The surprising thing is that such a powerful activator has been neglected for so long. Perhaps the most appropriate explanation could be the lack of adequate “branding” by the original creators. On the other hand, one cannot expect that a researcher should describe in advance how and what he is supposed to discover, which would indeed limit the capacity of those who “see” what others can not.
Many years ago I personally deduced that behind this method there was enormous potential not yet studied, but especially not even “imagined”.
I started to use this type of activator initially almost as an observer of the astonishing effects, then began to study it in depth, principally to try to understand how it works, something incredibly never explained in full.
We are now aware that the extraordinary orthopaedic cranial-occlusal effect is given by the visco-elasticity of the material it is composed of and the repositioning of the mandible (lower jaw) associated with action on the maxilla (upper jaw) are due to a “harmonious effect of return” on the cranial sutures with an action of thrust on the “carriers” of the teeth (which are also growth carriers “accretion vectors”) that converge on the apophysis of the Crista-galli starting point of the intracranial membranes of reciprocal tension.
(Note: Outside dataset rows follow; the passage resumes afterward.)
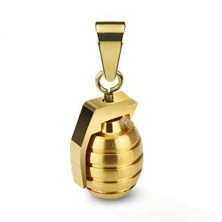 Hand grenade steel pendant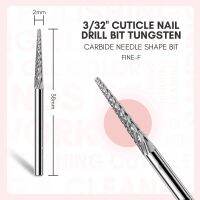 [2023 Upgarde] Nail Drill Bit 3/32 quot; Tungsten Cabide Sharp Pointed Needle Bit Under Nail Cleaner for Nail Prep Nails Accessories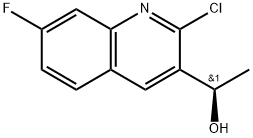 3-?Quinolinemethanol, 2-?chloro-?7-?fluoro-?α-?methyl-?, (αR)?- Struktur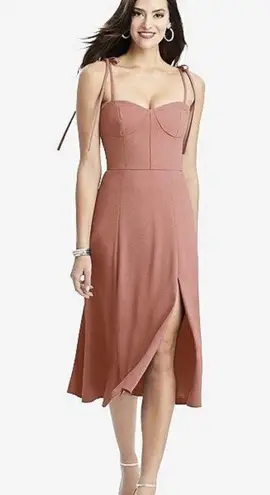 DESSY COLLECTION 3069 Dusty Rose Pink Bustier Crepe A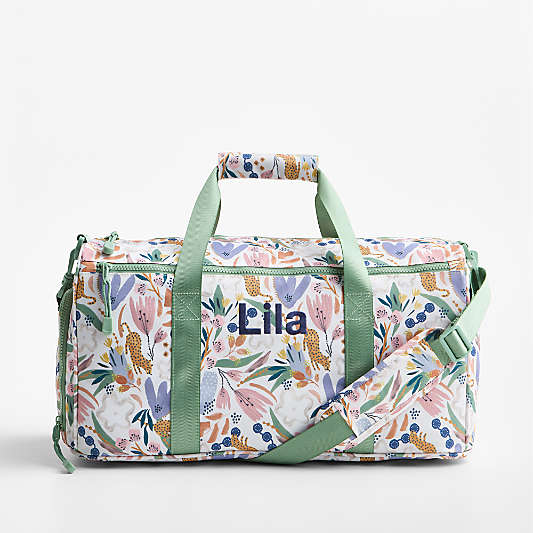Leopard Floral Kids Duffel Bag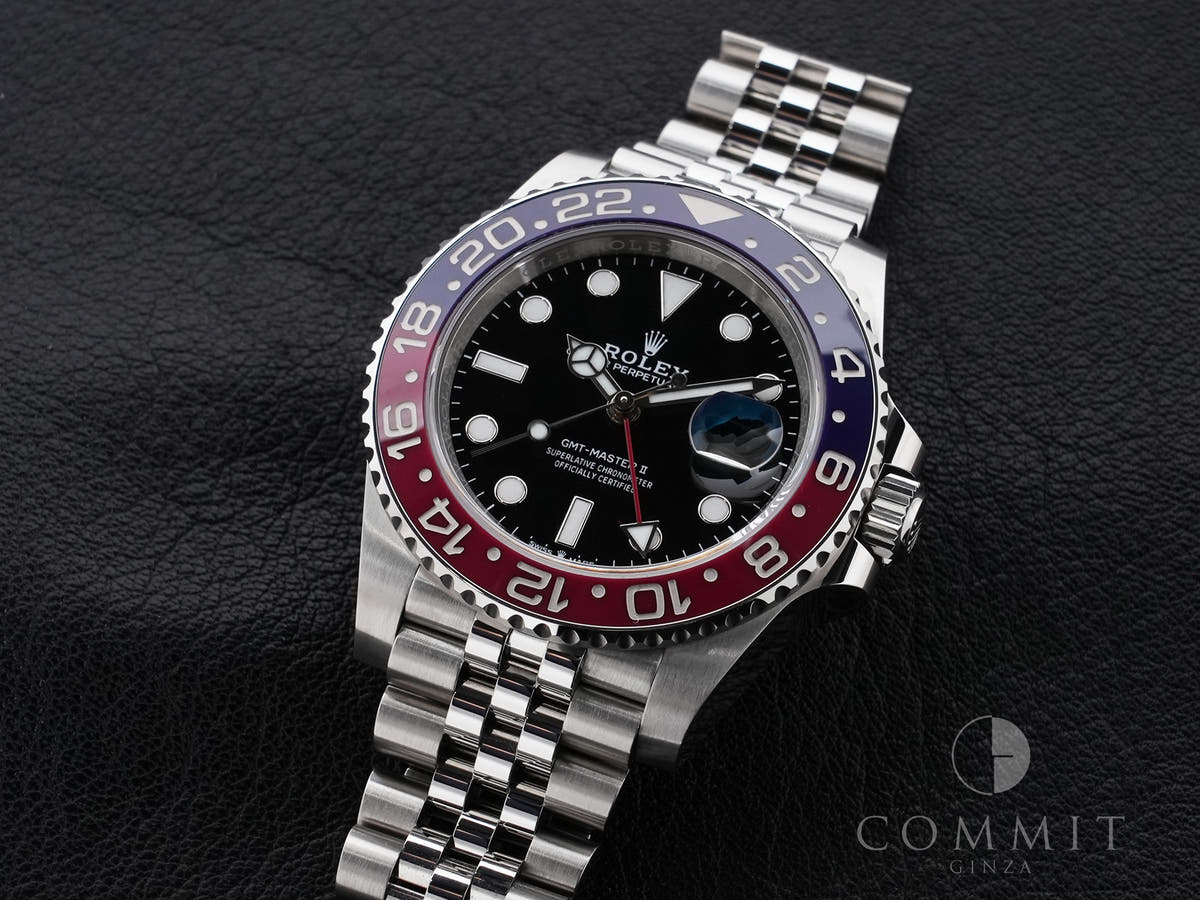 Rolex GMT Master II Ref.126710BLRO Black Dial Good Condition Pre-Owned zdxfsr74
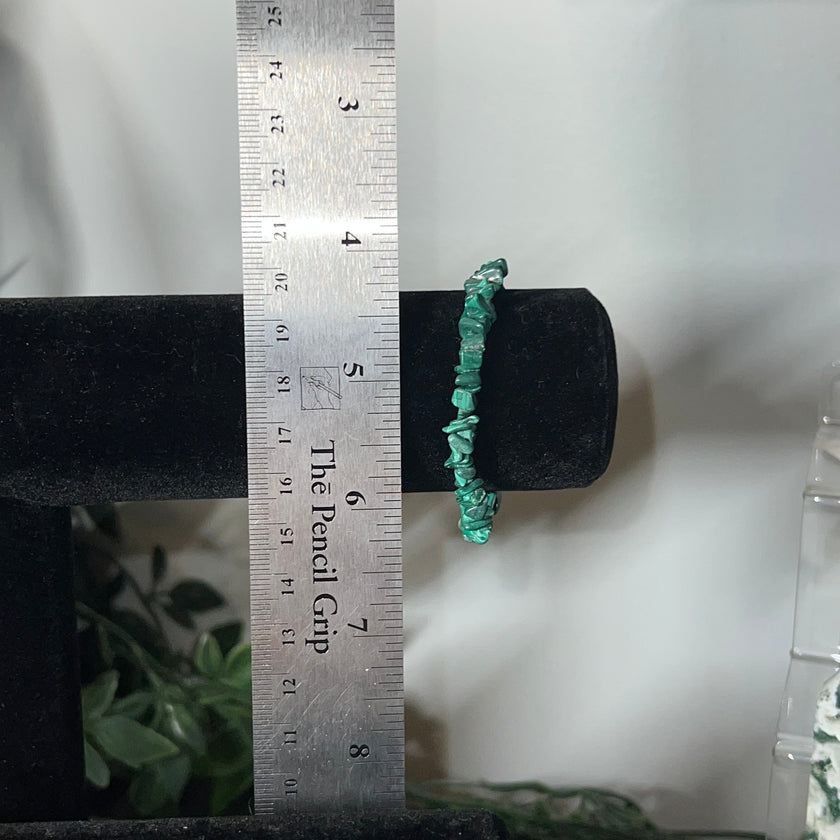 Malachite Chip Bracelets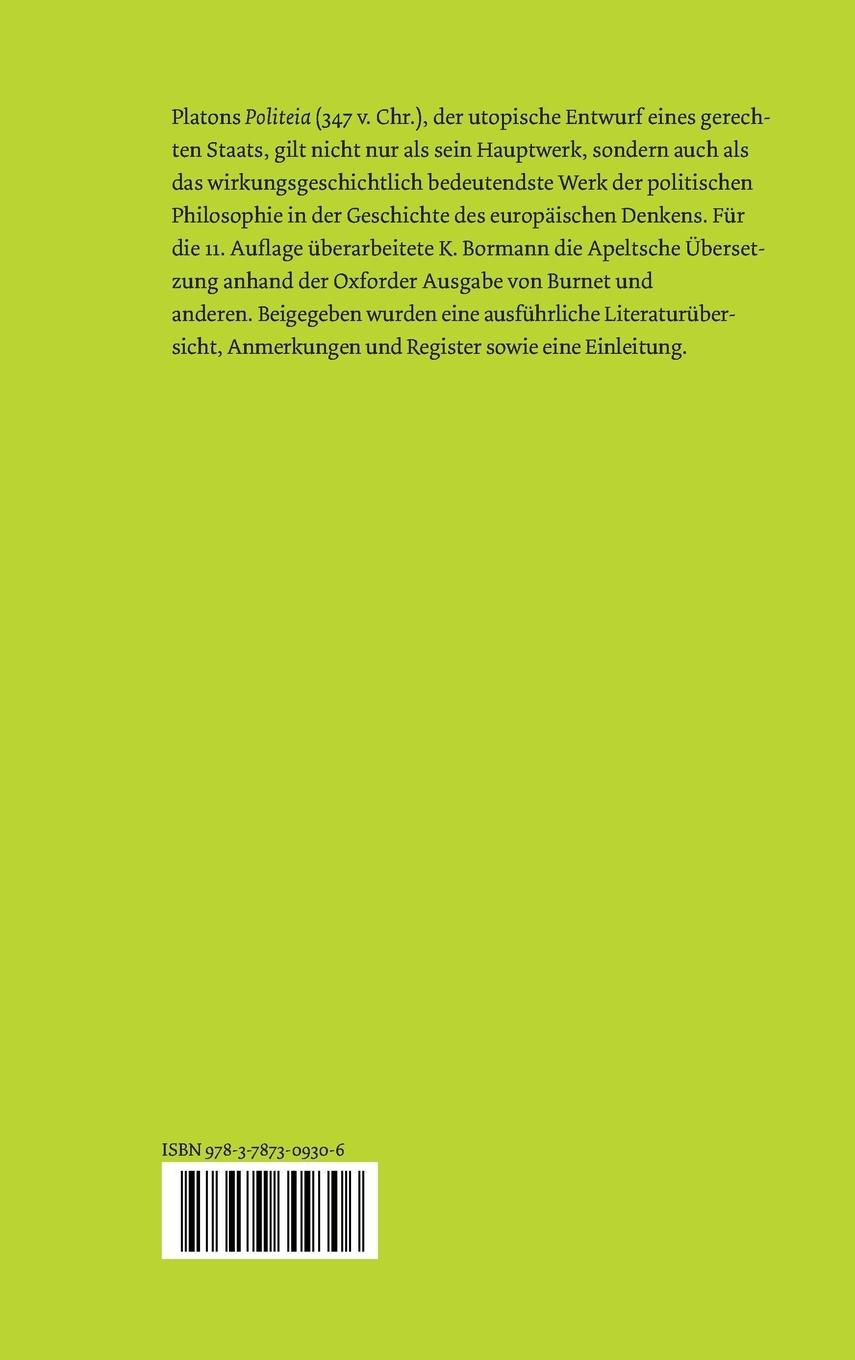 Rückseitencover Der Staat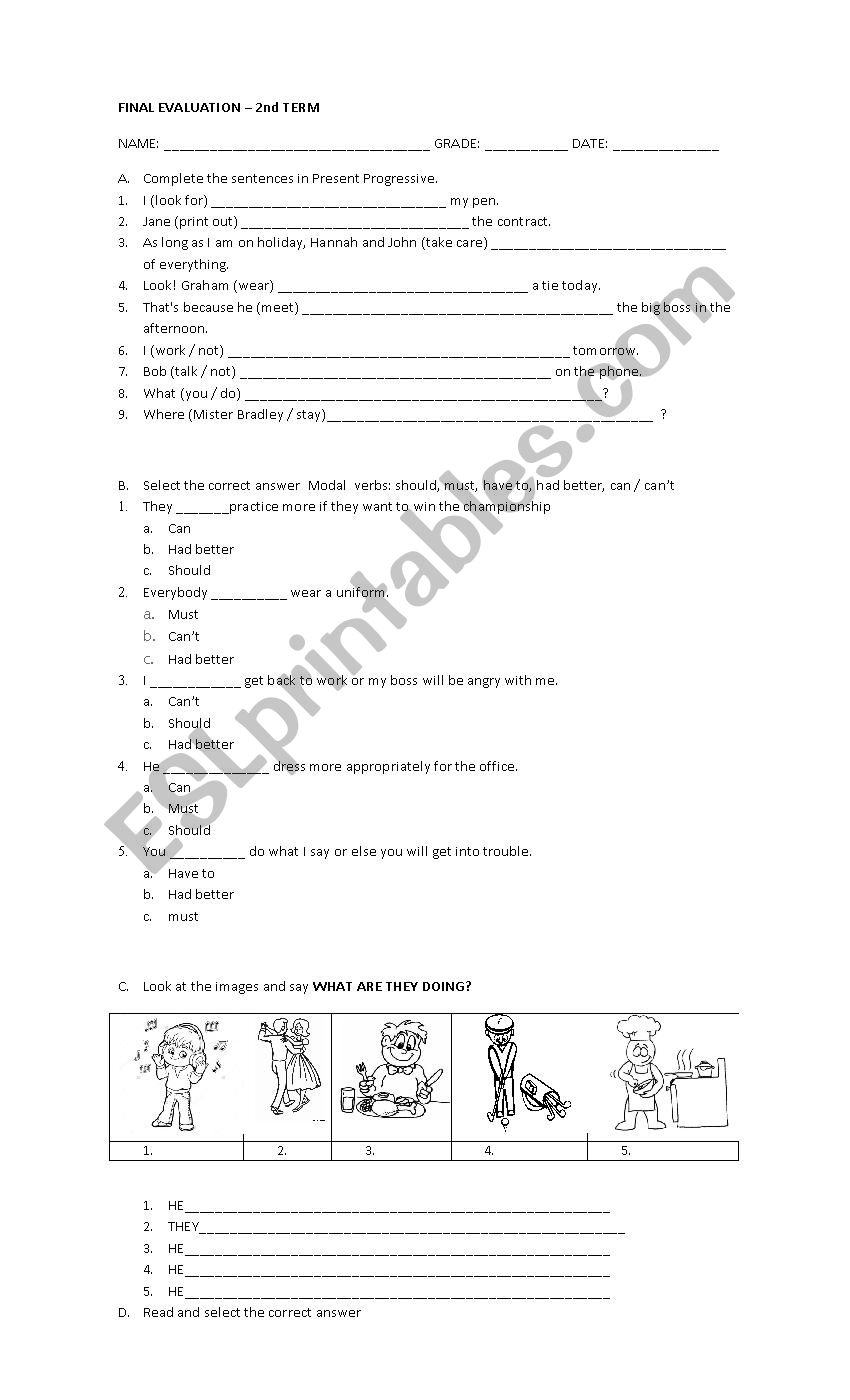 FINAL TEST worksheet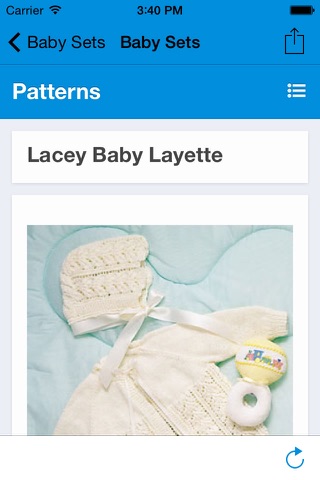 Babies and Kids Knitting Patterns screenshot 2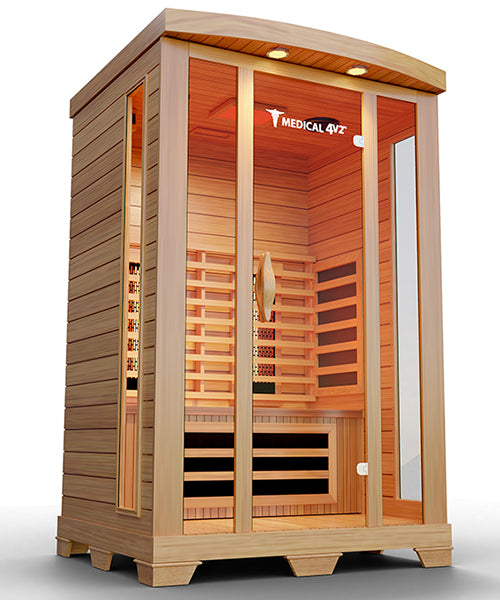 Medical 4 Full-Spectrum Infrared Sauna – 2-Person Home Sauna, 1700W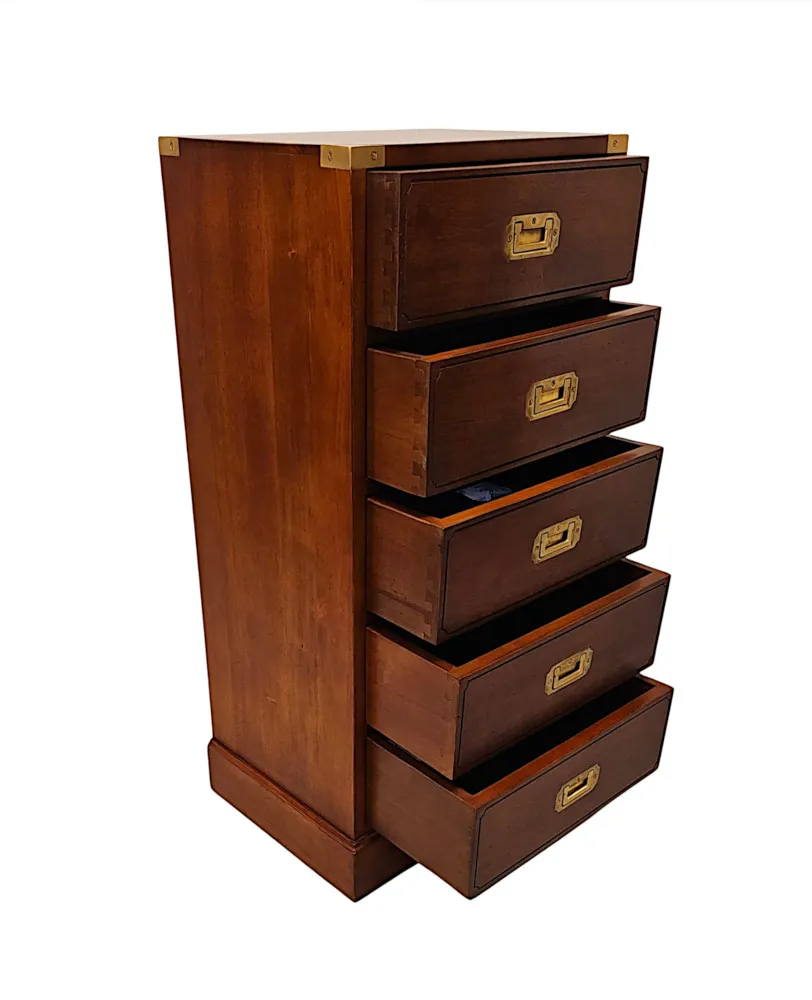 A Fabulous Chest of Drawers in the Campaign Style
The concept is: there is a bijective correspondence between cranial osteopathy and dental occlusion. The reason that often (more than 60% of cases) orthodontia using metal and/or rigid devices causes a “content” imbalance that predisposes to a disequilibrium that the body tends to manifest in another direction and the spine, the cervical vertebrae which are the continuation of the bones of the skull, is the specific organ to facilitate the compensation that may evolve in scoliosis.
The following images explain the concept of the thrust action on tooth-vectors:
In light of the above one can also understand the action mechanism of bruxism: when there are occlusal problems and the reciprocal tension membranes are in abnormal tension a defence mechanism is established that aims to discharge these tensions through the teeth and the consequent wear on the teeth tends to cause an increasingly worsening loop.
This mechanism also explains why patients with dysfunction tend to break orthodontic appliances and continuously detach orthodontic ” braces /brackets” as forces applied by the orthodontist on single teeth contrast with the equilibrium of the intrinsic tooth mapping on this centre of forces and the reason for orthodontic relapse is as more marked in respect of the final position dictated by the orthodontic treatment is as far from the correct balance of forces.
In my practice and observations in I have found that the most frequent symptoms associated with orthodontic therapy which are systematically ignored by the orthodontist are nightmares, or complete lack of dreams, excessive or uncomfortable psychic phenomena with hyperactivity, difficulty concentrating, decreased creativity, eye and ear problems and that these symptoms are the same that in Chinese energetic medicine correspond to the 6th chakra (3rd eye) that produces the control of consciousness and that this chakra is located right at the Crista-galli and these symptoms, when present, are the first to be eliminated in the transition from mechanical orthodontics to the Montorsi Method.
Unfortunately, paediatricians, general practitioners, orthopaedists, dentists and orthodontists continue to ignore the “medical evidence” hiding behind scientific concepts ever more difficult to defend.